Start of Extracted data

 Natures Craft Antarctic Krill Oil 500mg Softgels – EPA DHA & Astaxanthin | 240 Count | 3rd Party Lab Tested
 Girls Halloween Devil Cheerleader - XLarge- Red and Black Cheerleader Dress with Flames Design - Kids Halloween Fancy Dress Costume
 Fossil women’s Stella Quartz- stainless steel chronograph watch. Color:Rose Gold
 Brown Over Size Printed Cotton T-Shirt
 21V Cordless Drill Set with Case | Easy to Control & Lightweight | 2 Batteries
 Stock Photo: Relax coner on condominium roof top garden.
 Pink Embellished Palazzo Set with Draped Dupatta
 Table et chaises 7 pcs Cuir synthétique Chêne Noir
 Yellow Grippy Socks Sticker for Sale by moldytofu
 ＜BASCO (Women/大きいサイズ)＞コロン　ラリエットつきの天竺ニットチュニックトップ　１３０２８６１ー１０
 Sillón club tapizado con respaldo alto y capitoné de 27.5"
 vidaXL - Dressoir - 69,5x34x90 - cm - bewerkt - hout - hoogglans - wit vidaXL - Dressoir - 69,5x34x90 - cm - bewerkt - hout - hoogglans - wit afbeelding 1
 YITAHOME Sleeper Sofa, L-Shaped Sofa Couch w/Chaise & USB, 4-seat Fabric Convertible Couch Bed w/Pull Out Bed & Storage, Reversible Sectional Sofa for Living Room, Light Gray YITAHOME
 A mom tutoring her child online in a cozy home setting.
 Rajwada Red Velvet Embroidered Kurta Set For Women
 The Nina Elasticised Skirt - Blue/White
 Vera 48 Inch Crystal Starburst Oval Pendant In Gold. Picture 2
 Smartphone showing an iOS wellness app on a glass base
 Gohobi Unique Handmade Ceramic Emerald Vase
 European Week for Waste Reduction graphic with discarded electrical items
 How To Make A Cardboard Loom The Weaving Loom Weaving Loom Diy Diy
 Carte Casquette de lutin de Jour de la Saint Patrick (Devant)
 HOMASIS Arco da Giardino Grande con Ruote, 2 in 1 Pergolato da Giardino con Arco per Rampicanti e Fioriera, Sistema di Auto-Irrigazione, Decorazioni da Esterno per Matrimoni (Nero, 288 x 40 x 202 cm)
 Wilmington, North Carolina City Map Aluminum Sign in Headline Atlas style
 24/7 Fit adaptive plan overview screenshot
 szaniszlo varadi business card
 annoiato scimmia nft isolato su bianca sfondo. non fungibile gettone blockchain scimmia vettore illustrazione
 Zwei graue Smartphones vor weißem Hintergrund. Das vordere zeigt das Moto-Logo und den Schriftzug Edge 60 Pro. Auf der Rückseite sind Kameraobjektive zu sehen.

End of Extracted data

§ **Task goal**
Which lines of the listing contain the string "Gold"? Copy each of them.

§ **Result of this exercise**
 Fossil women’s Stella Quartz- stainless steel chronograph watch. Color:Rose Gold
 Vera 48 Inch Crystal Starburst Oval Pendant In Gold. Picture 2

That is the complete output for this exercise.